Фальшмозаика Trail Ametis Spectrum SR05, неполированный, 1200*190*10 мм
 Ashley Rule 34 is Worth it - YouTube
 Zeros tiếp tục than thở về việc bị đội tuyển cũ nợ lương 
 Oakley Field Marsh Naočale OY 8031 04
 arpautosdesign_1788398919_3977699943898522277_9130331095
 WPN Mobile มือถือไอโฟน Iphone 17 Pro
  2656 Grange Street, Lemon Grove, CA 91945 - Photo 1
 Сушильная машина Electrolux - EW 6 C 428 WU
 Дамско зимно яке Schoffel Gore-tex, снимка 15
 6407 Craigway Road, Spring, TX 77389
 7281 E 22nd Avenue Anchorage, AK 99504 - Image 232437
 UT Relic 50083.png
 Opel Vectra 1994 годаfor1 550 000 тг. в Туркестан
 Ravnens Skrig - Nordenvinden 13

------------------------------------------------------------------------

__Instructions for the task__
The requested output is the line holding "arpautosdesign_1788398919_3977699943898522277_9130331095" and every line after it up to the last line of the listing, exactly, with nothing else.

__Answer to this task__
 arpautosdesign_1788398919_3977699943898522277_9130331095
 WPN Mobile มือถือไอโฟน Iphone 17 Pro
  2656 Grange Street, Lemon Grove, CA 91945 - Photo 1
 Сушильная машина Electrolux - EW 6 C 428 WU
 Дамско зимно яке Schoffel Gore-tex, снимка 15
 6407 Craigway Road, Spring, TX 77389
 7281 E 22nd Avenue Anchorage, AK 99504 - Image 232437
 UT Relic 50083.png
 Opel Vectra 1994 годаfor1 550 000 тг. в Туркестан
 Ravnens Skrig - Nordenvinden 13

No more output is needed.